In the 10th grade, I was fortunate to attend another school, even more akin to the “Bordentown School”– “Lincoln Institute”– an all-black boarding high school in Shelby County, Kentucky, but never fully appreciated its impact until long after I departed for newly mandated desegregated schools. Like many all-black schools, founded after Reconstruction, “Lincoln Institute” was originally intended to be a college, as well as a high school, but wound up offering vocational and academic high school classes. While there, I also worked in the cafeteria and on the dairy farm that produced its own food for the 444-acre campus. It’s when I began to realize the value of my earlier childhood experiences of growing up, working summers on my grandparent’s farm in Zanesville, Ohio, where I herded cows and played with hogs– perhaps, more than most folk played with pet dogs.
Although attending Lincoln for only one year, it was a significant part of my preparation for the desegregated high school, and associated racial realities, in my hometown of Frankfort, Kentucky, the following year. Lincoln’s principal back then, Whitney Young, Sr. (the school’s founder), was a friend of my deceased Baptist-minister dad. But, it was my mother, feeling Lincoln was better suited to steering me away from budding juvenile delinquency, who orchestrated my attending Lincoln. She was right. It had many positive influences.

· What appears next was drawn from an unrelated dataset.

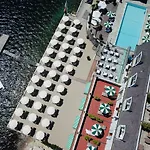 Otel Hotel Ghiffa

But, frankly, I was more interested in public schools back in my hometown, where I could play football and run track again, while not having to work for my tuition or room-and-board. Thus, with one of my sister’s help, I sold my mother on the idea of staying with my elder sister and her husband– and their six kids– while my mother continued working and going to nursing school in Pennsylvania. Besides, with my new, surrogate “two-parent family”– with three new ‘brothers’ and three new ‘sisters’ (nephews and nieces)– I felt better-armed for the internal struggles ahead with school desegregation. Unwittingly, black athletes had a unique role within the reawakened fight for Civil Rights. And, like many athletes of the late 1950s, I willingly accepted the bit-part as one of the legions of “soldiers” drafted into the Civil Rights Movement– at least, that’s the visualization which was fixed in my mind, mentally preparing for what lay ahead.

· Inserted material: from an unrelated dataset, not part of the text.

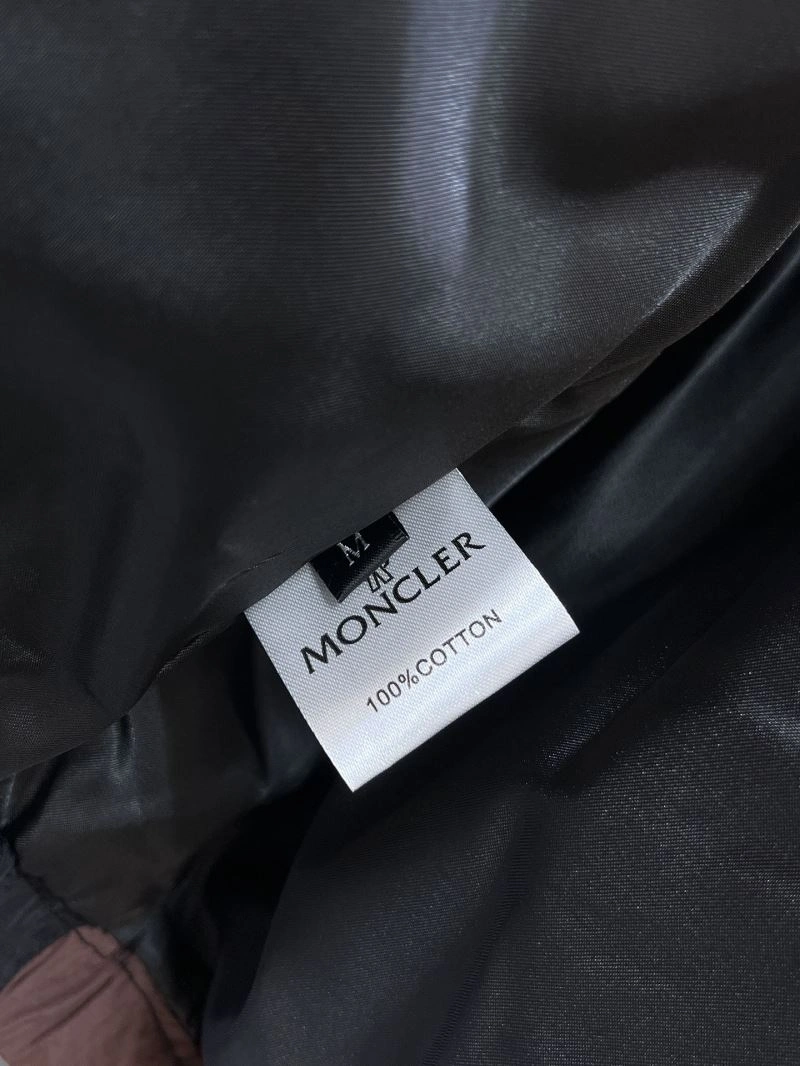 WeatherProof Moncler Outwear 140194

Similarly Proud & Disciplined…
But, before the pivotal years of school desegregation, institutions like the Bordentown School and Lincoln Institute played an important role, too. They were similar in many ways. As with Lincoln’s environs, except for dress codes, Bordentown was long nestled in the 400-acre, Georgian-architectural style campus, overlooking the Delaware River, before the shifting legal landscapes of the 1950s, the Bordentown School became an elite campus community, fostering black pride and intellectual discipline, with a unique camaraderie between black students, from working class families, and the scholarly the black teachers who taught them. It was an environment where boys, in military uniforms, and girls, in neatly tailored white-and-black uniforms, marched in step to high academic expectations and elevated performance standards, graduating to become entrepreneurs, tradespersons, educators, lawyers and doctors.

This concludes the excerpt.